どんな場合でも、先ずは「事実関係についての共通認識」を確立し、その上で価値観の議論をすべきなのだが、反原発派の人たちは意識してその前段を軽視しているかのようだ。だから、すぐに検証出来るような事に関してさえ、未だに正反対の事が繰り返して語られていたり、中には全くのデマが「訂正・陳謝」される事もなく、放置されていたりする。心ある反原発派の人たちは、健全な自浄能力を発揮して、自ら悪質なデマゴーグを排除すべきだ。
例えば「福島の惨状を見ながら、あなたはなお原発輸出を擁護するのか?」とTwitterで私につっかかってきた人がいた(これは、恐らく「それでも人間か?」というニュアンスの込められた言葉だと私は解釈した)。ちょうど良いケーススタディーになるので、今日はこの言葉に焦点を絞って議論を進めたい。
あらかじめ断っておくが、の私立場は「脱・原発依存」だ。以前のように「原発依存」を前提に出来れば、益田恭尚さんの1月30日付の記事を読むまでもなく、経済的には最もやり易いのだが、原発の周辺に居住する人たちの不安を無視する事は出来ない。これは沖縄の基地問題と似ている。「米軍に基地を提供する事が現時点では日本の安全保障政策上不可欠だ」というコンセンサスが仮に得られたとしても、沖縄県民が受け入れてくれなければどうしようもない。
なぜ私が「脱原発(原発ゼロ)」論者でないかと言えば、「再稼働をゼロにして更に削減を進めれば、経済的な打撃があまりに大きくなり、『経常赤字の定着 - 国債の暴落』という最悪の財務破綻シナリオが実現しかねない」という理由の為だけではない。
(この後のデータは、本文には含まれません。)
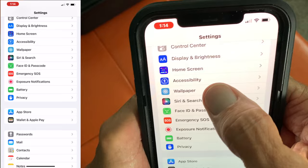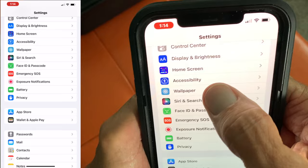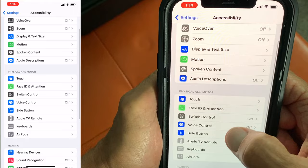Then we're going to go to accessibility right here. We're going to click that. Then we're going to slide down to audio/visual and click that.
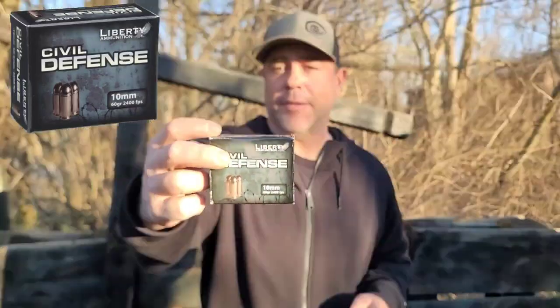Welcome back. Let's keep rolling with Liberty Civil Defense. For those new to the channel, we have a 10 millimeter ammo test series, and number five is Liberty Civil Defense. This is a 60 grain projectile going at 2,400 feet per second. We have other videos you can check out to see how this performs in gel, bear gel, and gel with clothing.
それ以上に大きい私の懸念は、危ない原発を廃炉にしたり、使用済み核燃料を安全に保管したりするのに必要な技術者が払底してしまう事だ。この方が「稼働中の原発リスク」よりもはるかに大きいリスクである事を、反原発派の人たちは考えていないのだろうか?
本論に戻る。「福島の惨状」というが、この惨状が何故起こったのかという事は、本当に理解されているのだろうか? 私の見るところ、これは明らかに「人災」であり、「原発自体の脆弱性」によるものではない。原子炉の圧力容器自体は、強い地震にも(もちろん想定外の津波にも)耐えた。問題は冷却水を送り続ける事が出来なくなった事だ。考えてみれば、こんな馬鹿げた事はない。
原子炉は冷却出来なければ暴走する事は誰でもが知っている。従って、冷却の為に必要な全ての施設は、どんな地震にも耐えうるような強靭な建造物の中に納められ、どんな津波が来ても影響を受けない高い位置に設置されていて然るべきなのだ。この「施設」には勿論「電源」も含む。「電源」は全ての制御装置の為にもなくてはならないもの故、十分な二重性を確保し、更に、緊急時には近所から予備電源を運び込めるような手だても講じておくべきは当然だ。
放射能漏れがあれば人間は近づけなくなるのだから、データ解析と緊急対応の為の遠隔装置を完備しておくべきも当然だし、ロボットも駆使されるべきだ。にも関わらず、そういう事が殆ど何も考えられておらず、災害時のマニュアルさえ不十分で、その為にあのような惨事を引き起こしてしまったのは、一にも二にも、「万一事故があった場合は…」等という言葉自体が禁句になっていたという異常な環境下で「原発推進政策」が進められていたからだ。これを「人災」と呼ばずに何と呼ぼう。
このような馬鹿げた状況を抜本的に改めれば、原発の安全性は相当に増す。あのような惨事を引き起こしてしまった日本こそが、その反省の上に立ち、使命感に燃えて更なる安全対策の開発に全力を挙げれば、世界中の人々の安全にも大きな貢献が出来る事を意味する。原子力は勿論恐しいものだが、その恐ろしさに怯んでこれから逃げるのは、これまでの人類の歴史に照らしても、とても「まともな姿勢」であるとは言い難い。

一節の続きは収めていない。